Wednesday, October 30, 2013

Queerness and progressive game design

Earlier, I attended a conference on queer theory, game studies, and game design.  This inspired in me several topic ideas.  I will start with the one that is most directly related, and most reactionary.  One of the conference's major themes was how to find queerness in games beyond the literal inclusion of queer characters.  Queerness isn't just in the characters, it's in the image of gamers, in the broader narrative themes, in the way we play games, and in the design and mechanics.

There are many great ideas in there.  But some ideas... Well, they're "productive" ideas in the sense that it's helpful to discuss them, but they're ultimately bad ideas IMO.  In particular, several conference speakers decided that queerness in games can mean conforming to their particular ideas about progressive (and transgressive) game design.

For example, it was repeated many times that queerness means choices in your video games.  Queerness means transgressing the prescriptive definitions of a "game" made by formalists.  Queerness is playing a game and making your own objective rather than using the one designated by the designer.  One presenter even said queerness means fluidity in the rules of the game (this being the context of tabletop RPGs).

The overall message I seem to be getting is that queerness is Indie.  Which maybe sounds just a little too much like self-flattery when it's coming from a bunch of queer indie game designers and queer indie game lovers.

Don't get me wrong, I love indie games.  These days I've been playing more AAA games, but indie games are often the ones pushing the envelope, ultimately resulting in a better future for all games.  But though queerness is great and progressive game design is great, they don't really seem to be the same thing.

If queerness is reduced to themes of human variance, fluidity, and transgressing norms, then you'll find these themes everywhere you want to find them.  (You'll find these themes in AAA games too, but I think people at this conference were less interested in finding them there.  It was said during the conference that buying AAA games is supporting capitalism, but we shouldn't shame people who do it because maybe they just don't have the cultural capital to really be aware of the indie games out there.)  And yes this is a problem.

It's sort of like... Dumbledore being gay in Harry Potter.  Author J. K. Rowling said that Dumbledore was gay, but it's not really clear from the books themselves.  So the bottom line is that this queer "representation" may not be satisfactory to many queer readers.  Therefore, it's best not to overplay the queerness of Dumbledore, because frankly we can do better than that.  Similarly, it's best not to overplay the queerness in games, because many queer people are not going to be satisfied just by progressive game design, and we can do much better than that.

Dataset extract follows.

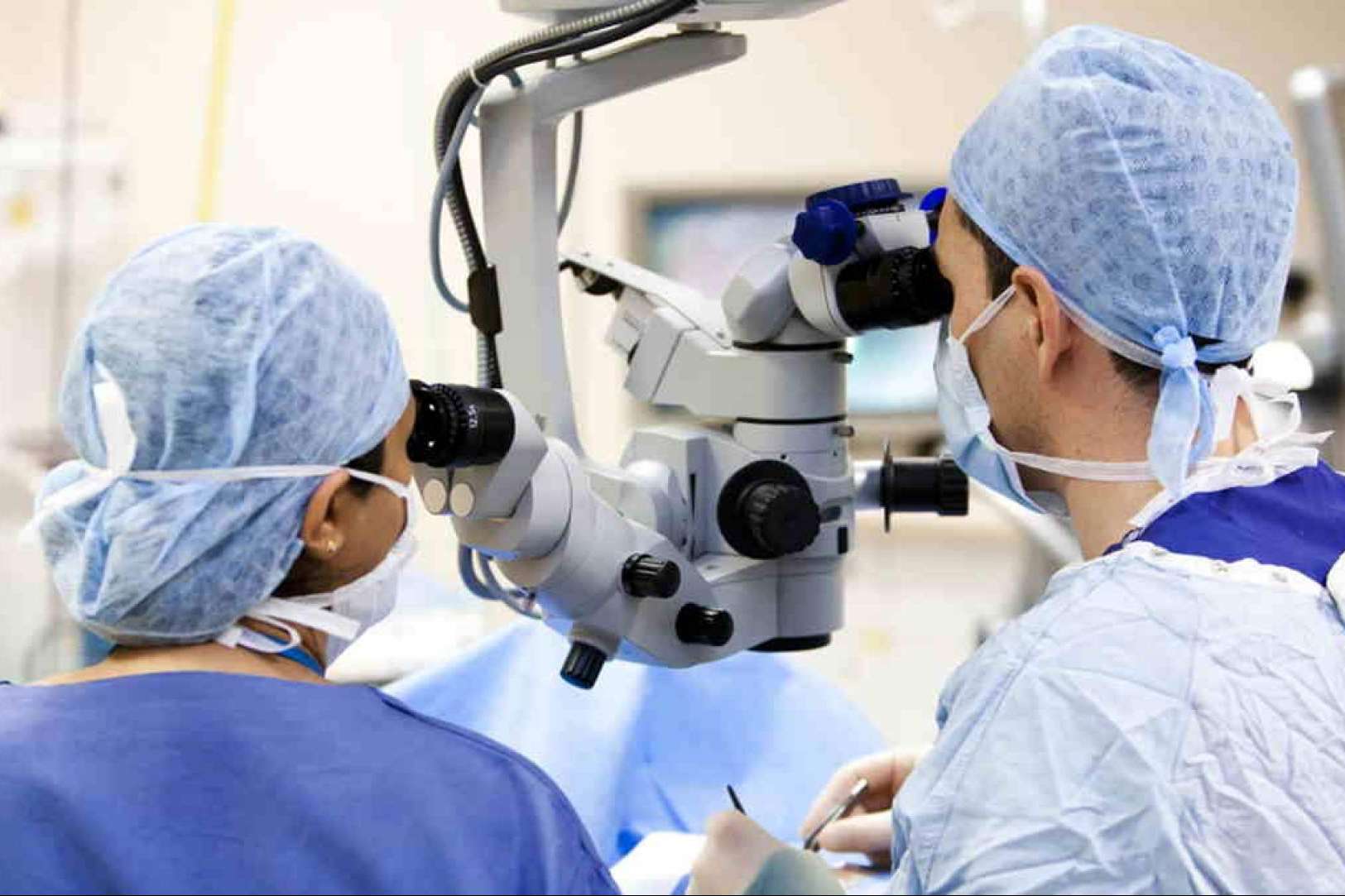 El departamento de oftalmología del Hospital Universitari Dexeus explica qué es la presbicia o vista cansada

I can also imagine other problems with equating queerness and indie gaming.  Imagine a queer person feeling that their queer cred is under question because they are disinterested in indie games.  I don't think this is a likely scenario, but it could be likely if the queer indie ideology at this conference were widespread.  It's even more problematic to say that fluid game rules are queer, because even when it comes to sexuality, queer does not necessarily mean fluid.  Plenty of trans people felt they were always the gender that they are, and plenty of bi people do not feel that their orientation fluctuates from gay to straight (which is a common misconception about bi people).

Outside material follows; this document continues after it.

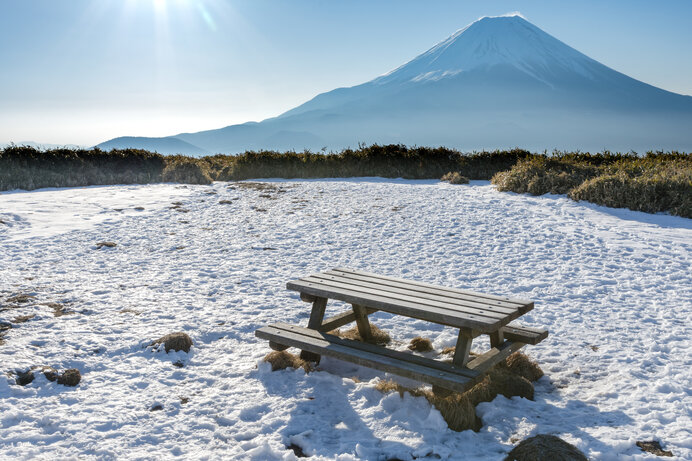 山頂からは美しい富士山を拝めます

If progressive game design means bucking some common sexist, racist, cissexist, or heterosexist conventions, then sure, that's more queer.  It would be great to come up with new fantasy races, rather than the rather racist ones inherited from Tolkien.  It would be great to have some new mechanics which make it easier to tell stories about groups in relation to society (rather than the usual stories about a single straight white male hero).  It would be great to offer the player more choices about character genders (ie more than two) and sexualities.  New ideas in narrative and game design are essential to improving the experience of queer players, but progressive game design in itself is not sufficient.

1 comment:

drransom said...

On the subject of offering choices in character design, I think there also needs to be more room for ordinary straight cisgender characters (or characters assumed to be such because they aren't defined otherwise) to be gender-nonconforming. I'm reminded of Dragon Quest IX, where you have a fair bit of choice in avatars and the equipment is all rendered, but there's a bunch of gendered equipment that members of the wrong gender can't equip. Why can't the characters just decide to pick a non-conforming outfit?